Muchos de estos terroristas espontáneos,
no entrenados ni vinculados orgánicamente a grupos terroristas, a
menudo resultan haber sido investigados por el FBI y dejados en libertad
sin cargos ni vigilancia. El propio Rahami fue arrestado en 2014 por
apuñalar a un hermano y su padre lo denunció porque sospechaba que podía
ser terrorista. El FBI lo investigó y no lo consideró un peligro aun
cuando viajó muchas veces a Pakistán y Afganistán y uno de esos viajes
tuvo como destino Quetta, bastión de los talibanes.
Algo similar había sucedido con Omar
Mateen, el autor del atentado de Orlando: el FBI lo sacó de una lista de
sospechosos de terrorismo a pesar de sus vínculos con Moner Mohammad
Abu-slha, un terrorista suicida, y de sus viajes a Arabia Saudita.
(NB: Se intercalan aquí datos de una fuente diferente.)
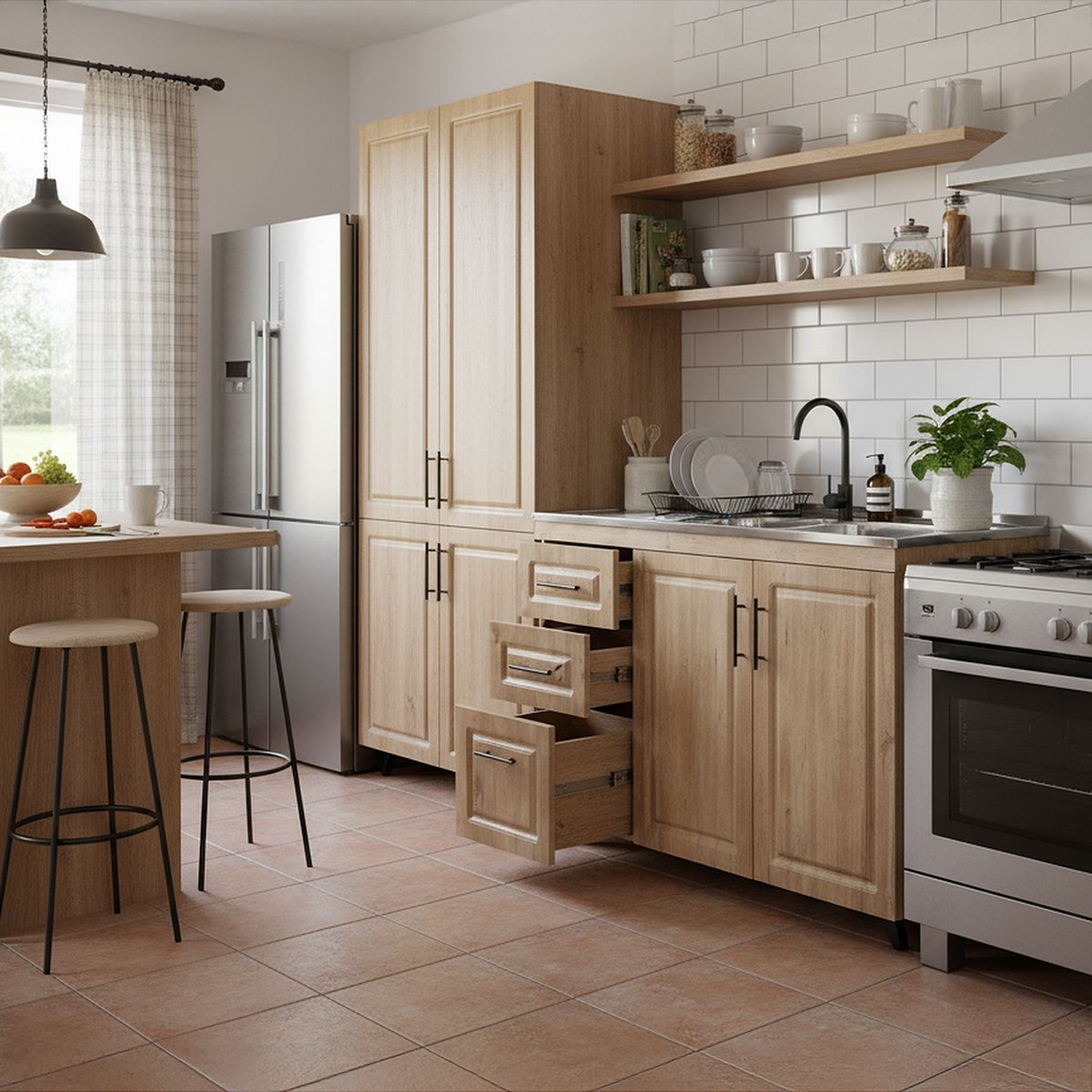 DOMSA - Kit mueble lavaplatos 120WI nogal 120x50x80 cm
Ni Clinton ni Trump han propuesto nada
que ofrezca garantías todavía. La política de Clinton -reforzar la
vigilancia- es la misma que se sigue desde 2001. La de Trump -expandir
los poderes de los aparatos de inteligencia y seguridad- es la misma que
aplicó George W Bush y que tanta polémica desató por constituir un
recorte de los derechos civiles (el caso “Snowden” es emblemático de ese
enfrentamiento entre partidarios de quienes creen que hay que
sacrificar algo más de libertad en aras de la seguridad y quienes se
oponen en nombre de la Constitución). El componente adicional que
propone Trump -hacer de los musulmanes un objetivo prioritario- no
garantiza que futuros “espontáneos” sin antecedentes ni vínculos
terroristas sientan súbitamente el llamado y actúen por su cuenta.
Estamos, pues, ante una
reedición del viejo y fascinante enfrentamiento entre seguridad y
libertad. Lo que no está todavía claro es a quién benefician los
atentados. A ojos de los votantes, ¿benefician a Trump porque
le dan la razón respecto de los musulmanes? ¿O benefician a Clinton
porque, en un mundo tan riesgoso, se necesita alguien con la cabeza fría
que no ceda a la tentación de una reacción contraproducente?